===== The records

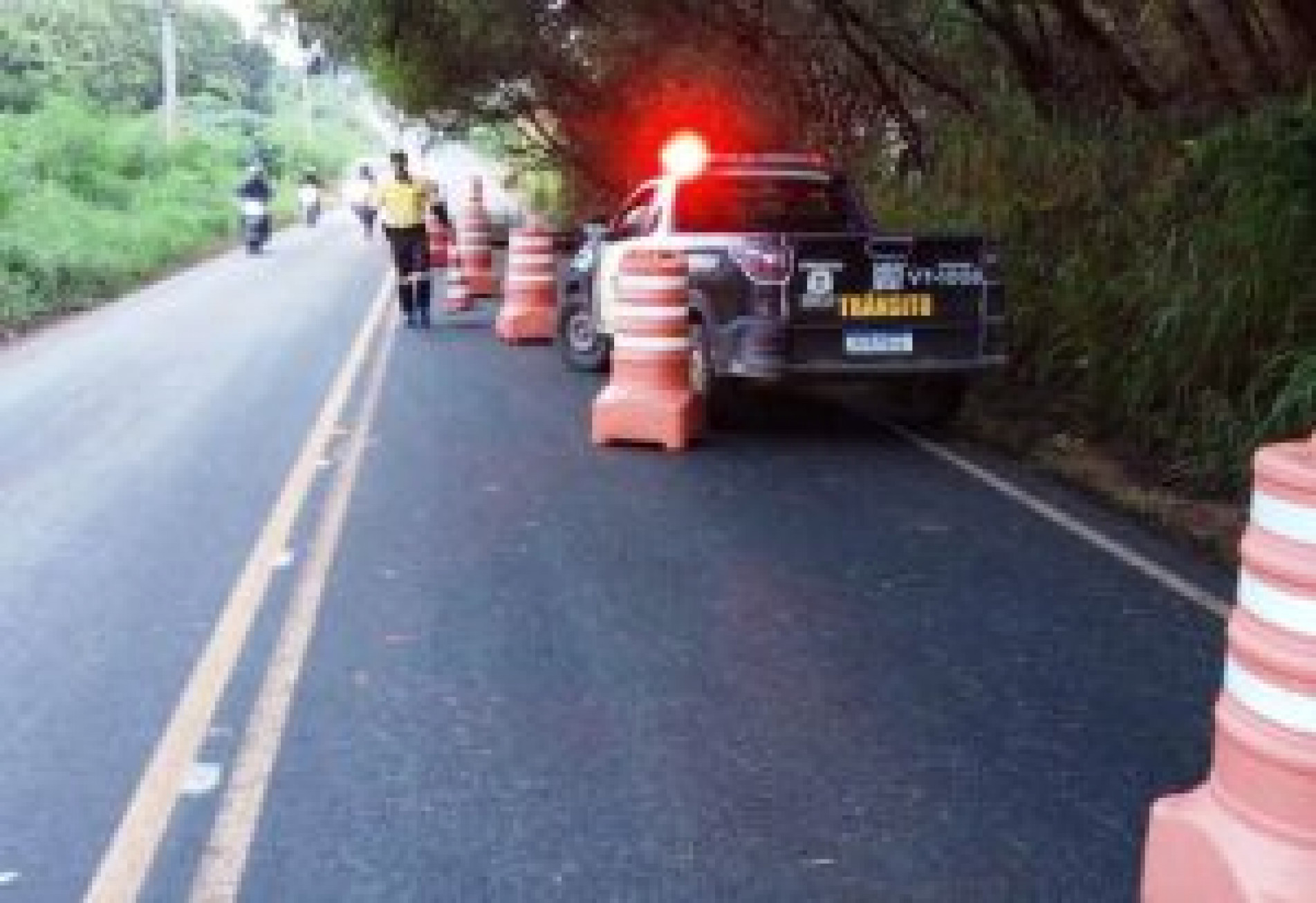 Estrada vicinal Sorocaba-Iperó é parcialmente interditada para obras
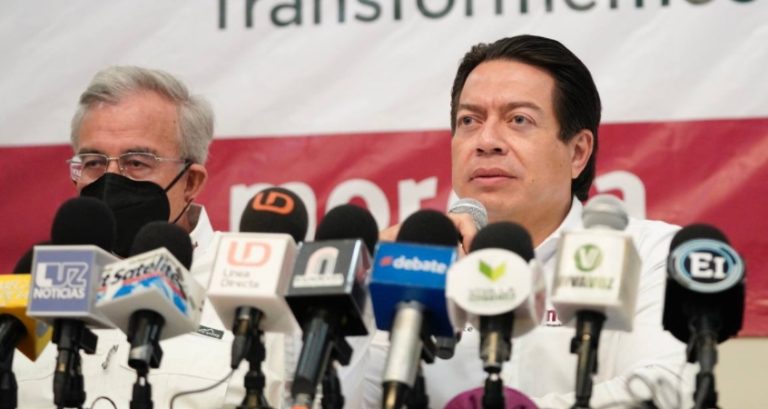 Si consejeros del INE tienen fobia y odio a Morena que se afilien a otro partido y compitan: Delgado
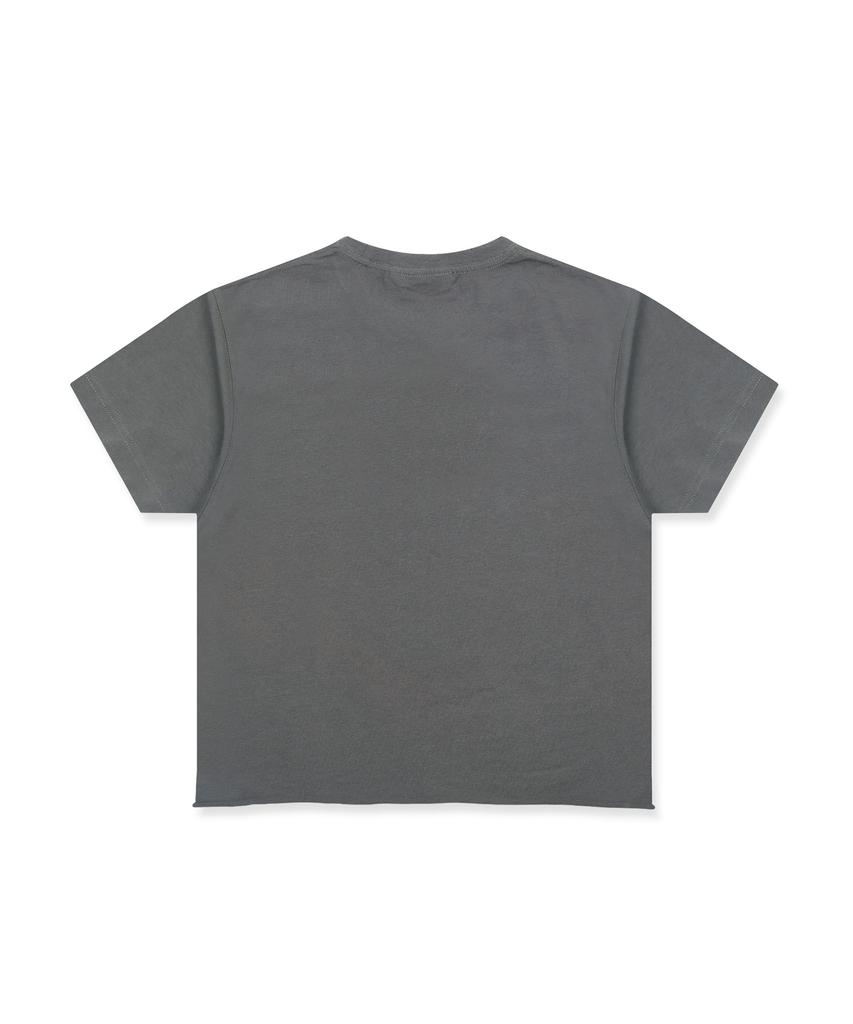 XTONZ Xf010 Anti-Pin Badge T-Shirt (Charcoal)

==========
===== The records

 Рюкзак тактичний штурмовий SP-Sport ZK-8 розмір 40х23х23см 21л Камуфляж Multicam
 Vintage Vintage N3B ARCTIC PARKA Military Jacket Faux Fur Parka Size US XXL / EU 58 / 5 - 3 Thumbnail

==========
===== The records

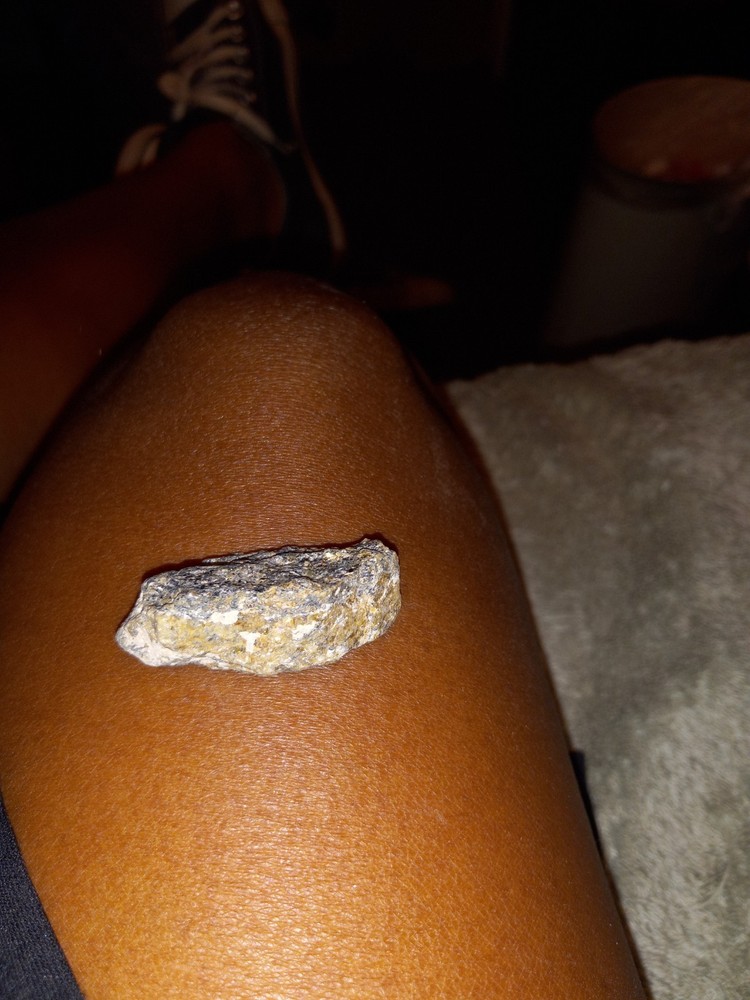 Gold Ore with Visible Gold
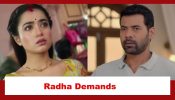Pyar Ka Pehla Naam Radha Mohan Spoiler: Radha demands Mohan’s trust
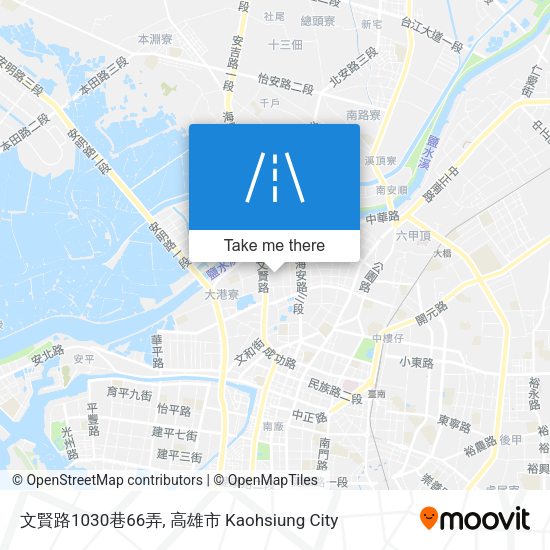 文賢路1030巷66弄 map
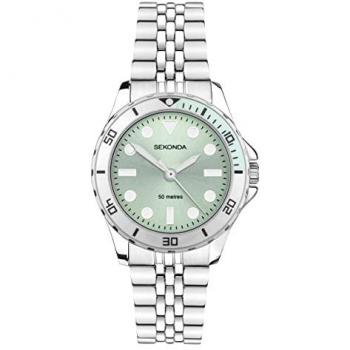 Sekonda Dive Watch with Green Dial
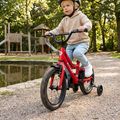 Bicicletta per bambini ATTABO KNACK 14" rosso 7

==========

Within these entries, output exactly the lines starting at the one with "Estrada vicinal Sorocaba-Iperó" and finishing at the one with "XTONZ Xf010 Anti-Pin". Leave pictures out of the output.

 Estrada vicinal Sorocaba-Iperó é parcialmente interditada para obras
 Si consejeros del INE tienen fobia y odio a Morena que se afilien a otro partido y compitan: Delgado
 XTONZ Xf010 Anti-Pin Badge T-Shirt (Charcoal)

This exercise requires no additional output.